Norwegian Crafts commissioned a series of videos by Siri Hjorth and Sebastian Makonnen Kjølaas that reflect the opposing worlds of art theory and folk crafts.
Something wonderful and fresh emerged out of Norway this year. Known for their theoretical sophistication, Norwegian Crafts let loose with a series of three videos that were both amusing and thoughtful.
Pitch, Prosess, Produkt were the creation of textile artist Siri Hjorth and ceramicist Sebastian Makonnen Kjølaas. Siri and Sebastian have been working together since they met in 2009. They taught art history at the experimental art school Prosjektskolen in Oslo in the Project School and collaborated on a number of projects in the visual arts.
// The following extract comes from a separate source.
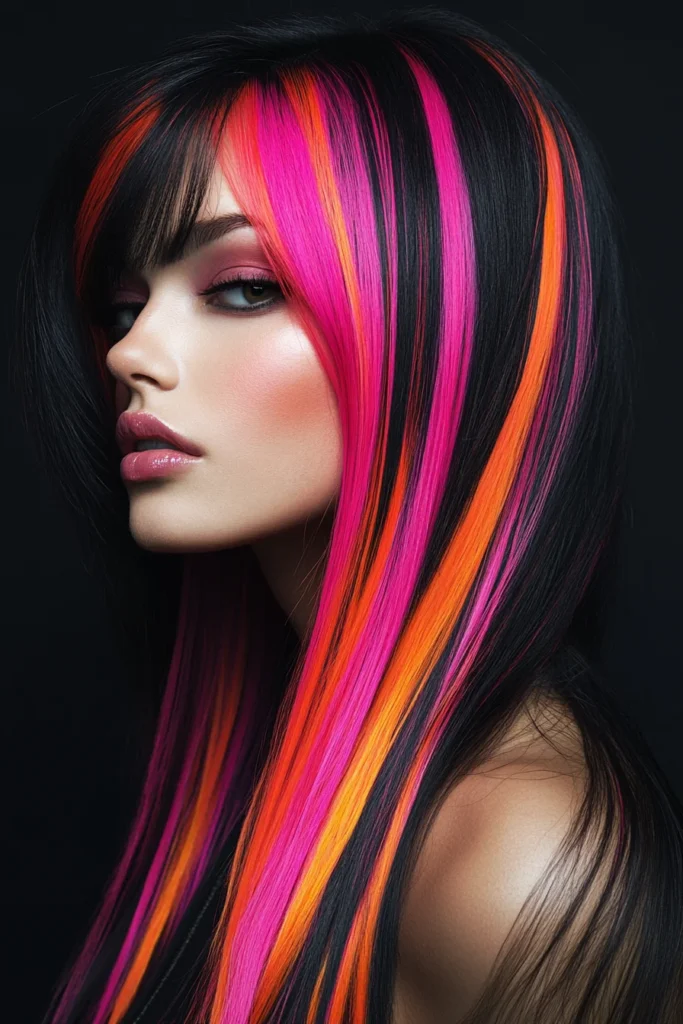 Straight Hair with Bold Color Accents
They had previously developed the epic Wittgenstein on Vacation project (2015-2020), which involved transporting a monumental talking hand to the philosopher’s cabin in Skjolden, Norway. For the visual arts, Hjorth produced wild cabaret performances such as TVTV at Henie Onstad Art Center, while Kjølaas produced the monumental sculpture Clear the Air, Clean the Sky, Wash the Wind (2021)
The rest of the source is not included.